Dip in subscribers increases the stakes in the streaming wars

I was at a dinner in May with maybe a dozen scripted and non-scripted indies, soon after Netflix had done the unthinkable – reported net subscriber losses. After many years of inexorable growth (albeit with commentator warnings about profitability and an inflated share price), it had shed 200,000 customers in the first three months of this year, and immediately predicted another 2 million would depart in the second quarter.

The actual loss reported in July was closer to 1 million, but even back in May, the conversation about the streamer had changed: had Netflix lost its way? Was the all-conquering SVoD giant a spent force?

No one at that dinner ventured that it was. Instead, they talked of intense rivalry in the streaming wars, after a period in which Netflix had had its own way but now faced competition from two of the world’s biggest businesses (Apple and Amazon) and US studio giants plunging headfirst into the SVoD sector. The producers also wondered whether its red-hot programming streak had cooled.

“There is simplicity to its UK strategy that gives Netflix an advantage: no out-of-London quotas, no target demographics, no remit obligations. Just the freedom to take some big swings”

There’s not much Netflix can do about the former – but a lot it can do about the latter. Which is perhaps why its UK commissioning team is so single-minded (they were perfectly aligned across our four interviews this month) about finding outstanding, authentic British stories that can deliver on a global platform.

There is simplicity to its UK strategy – make great shows – that gives it an advantage. No out-of-London quotas, no target demographics, no slots to fill, no fixed volume of hours to deliver, no greenlights from Los Angeles, no remit obligations. Just the freedom and the spending power to take some swings.

The business is taking that opportunity seriously. A few years ago, Netflix was a slightly furtive presence at the Edinburgh TV Festival, its execs ensconced at the Sheraton Hotel around the corner taking secret meetings with a select few producers.

Now it is heading to the festival to talk up its place as an established, additive part of the UK sector, and with its new Berners Street office a regular calling port for a far broader slice of the production community.
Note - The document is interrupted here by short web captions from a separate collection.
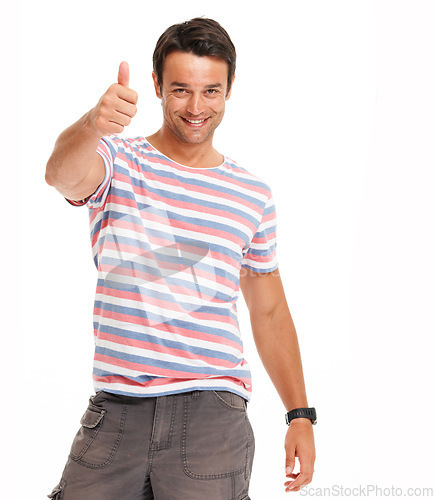 Image of Success, thank you and thumbs up with portrait of man for feedback, support or winner. Vote, yes or agreement with isolated guy model and hand gesture for promotion, goal or trust in white background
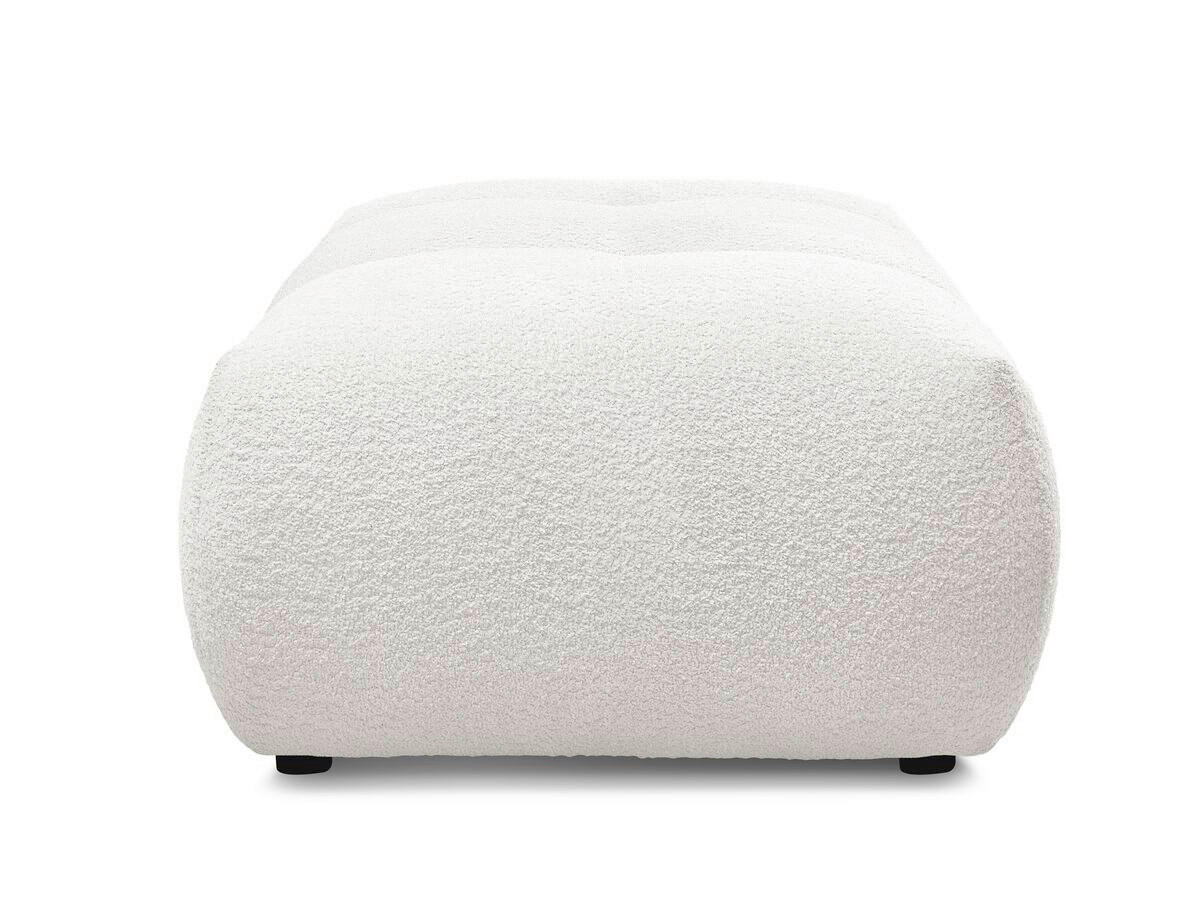 HOCKER FUJI  Bouclé Weiß  - Schwarz/Weiß, MODERN, Kunststoff/Textil (112/44/80cm)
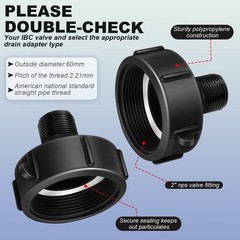 Zonon 2 Pieces 275 330 IBC Tote Tank Adapter Garden Hose Drain 2 Inch, Black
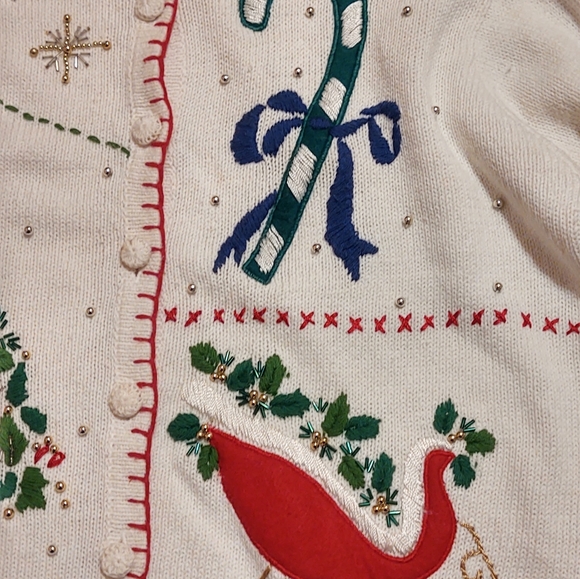 Ship N Shore Large Christmas Cardigan Sweater White Red Green Buttons Beaded - Picture 3 of 9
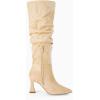 imageCoutgo Womens Slouchy Knee High Boots Wide Calf Pointed Toe Side Zipper Chunky Heel Long Boots Winter ShoesBeige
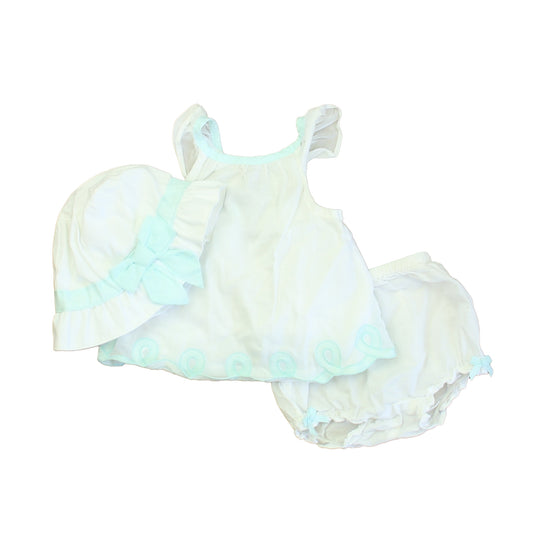 Janie and Jack Girls White | Blue Apparel Sets Size: 3-6 Months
The discussions in that building, and at Netflix’s local commissioning teams and US headquarters, hold the key to its success.

Stranger Things

Stranger Things

There’s talk about its crackdown on password sharing after an extended laissez-faire approach, and the planned launch of a lower-cost, ad-supported tier. But while those measures will be important in growing revenues, it is how Netflix spends its cash that really counts. What prevented it from losing even more subs earlier this year wasn’t a shift of corporate strategy, it was Stranger Things.
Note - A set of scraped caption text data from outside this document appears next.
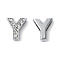 Alloy Letter Slide Charms, with Grade A Rhinestone, Platinum Color, Crystal, 11~12x8~14x4~5mm, Hole: 6~8x1mm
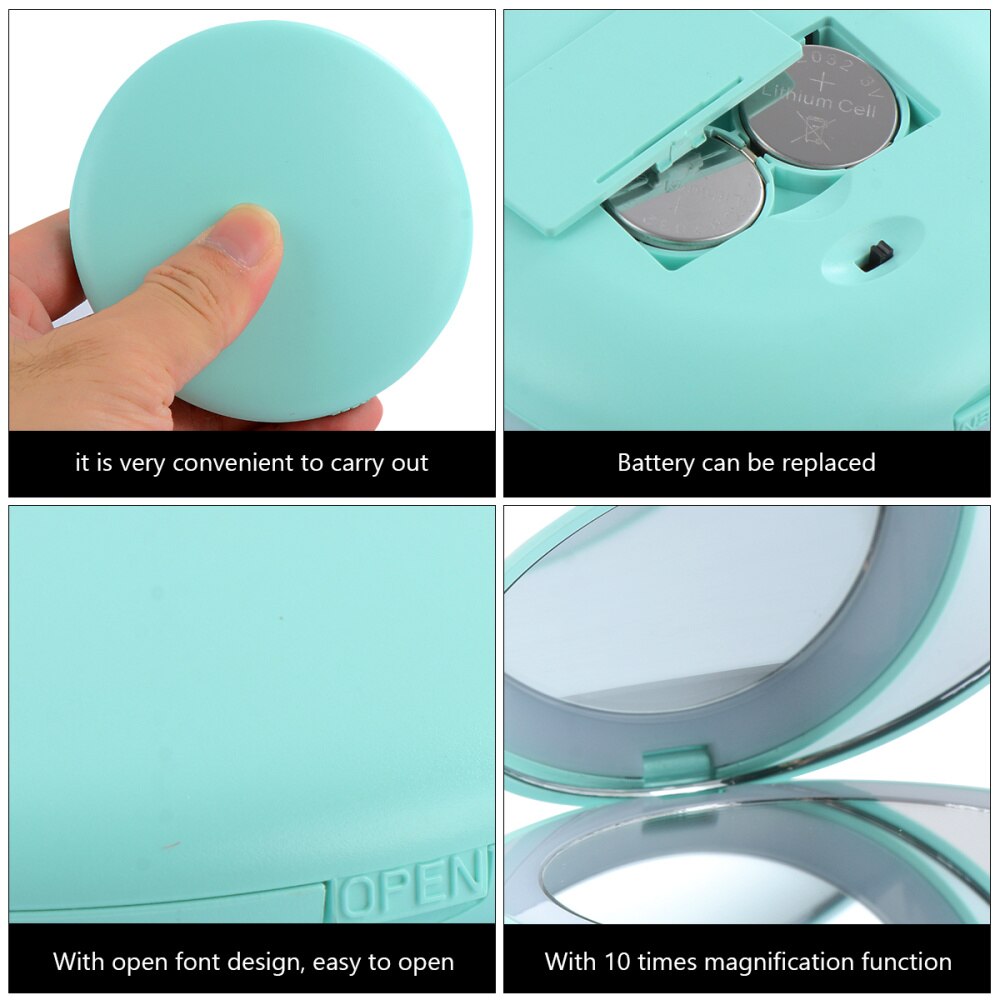 Portable 10x Magnifying Makeup Mirror Mini LED Round Mirror Travel Mirror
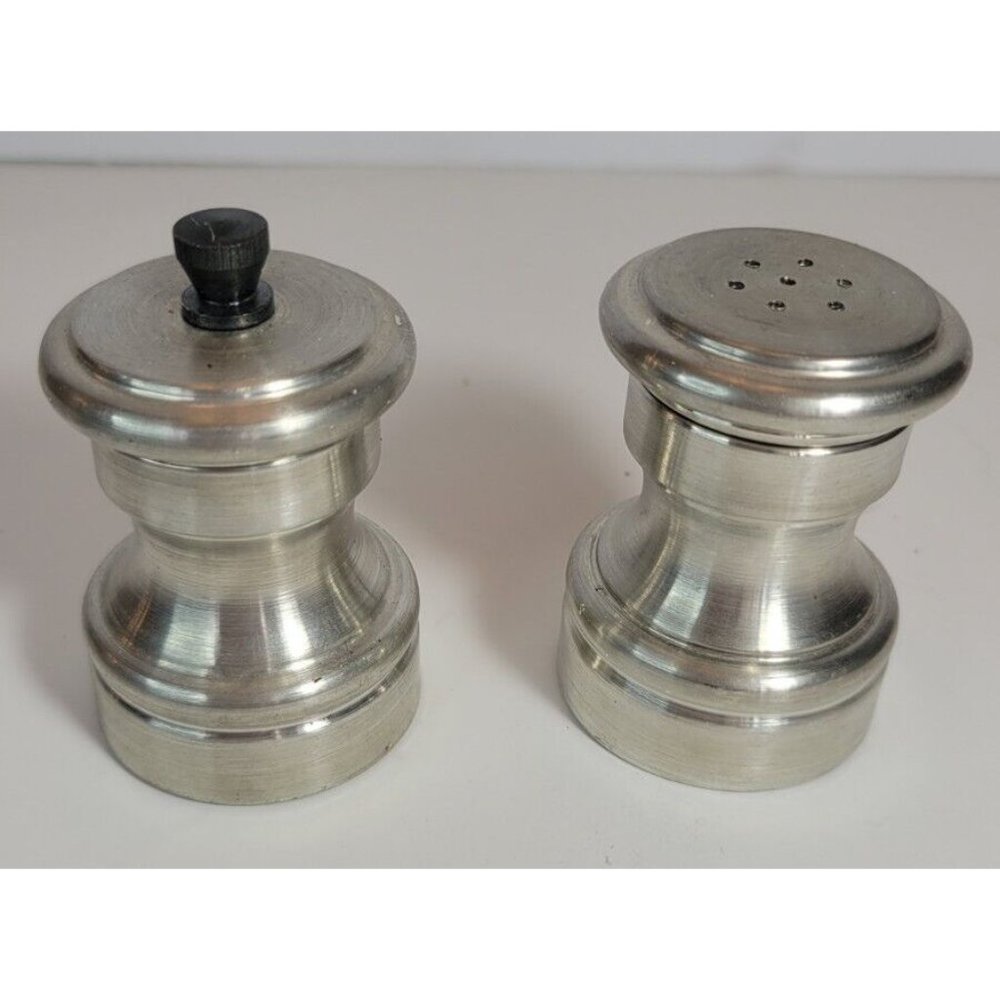 Vintage ETAIN Pewter Salt Shaker and Pepper Grinder Set, 95% pure pewter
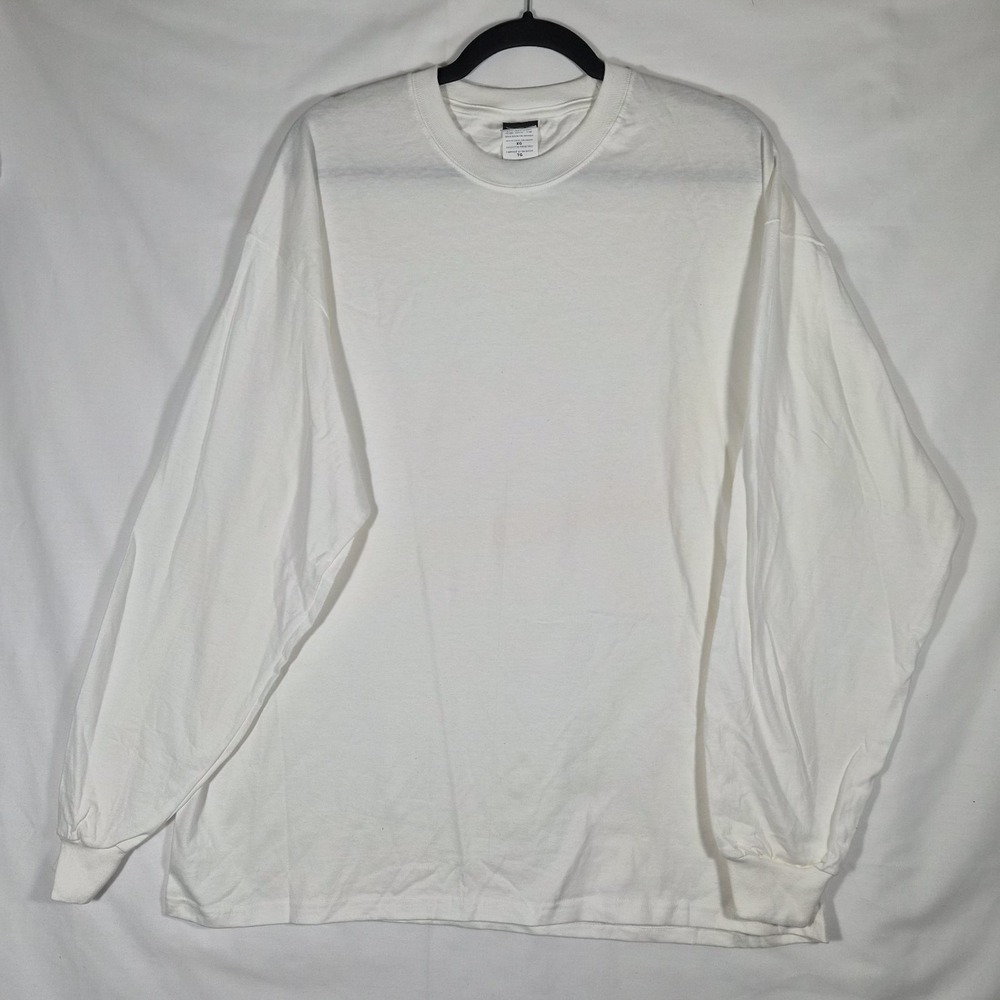 Vintage Y2K Hanes Beefy-T Heavyweight Blank Long Sleeve T Shirt White XL USA...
Every content company in the world is chasing the same thing – shows that people just have to watch – and Anne Mensah and her team say there are no budgetary or spending implications from the company’s fall in share price.

In other words, they have the right environment to push boundaries – not in terms of edginess necessarily, but in the shape of well-funded, expertly crafted programming.

In truth, Netflix is only now finding its feet in the UK, with shows pitched, ordered and produced here starting to appear more regularly on its platform. Over the next two years, there should be a clearer sense of how it is faring – if not with elusive viewing data, then with word-of-mouth, cut-through and cultural impact.

Chris Curtis

The Crown burned bright in the early stages of Netflix’s growth, now the challenge is for the local UK team to deliver its own Selling Sunset or Lupin, Squid Game or Money Heist, The Sandman or Is it Cake? to help Netflix regain some of its lost lustre. The stakes are high – but who doesn’t love a bit of jeopardy?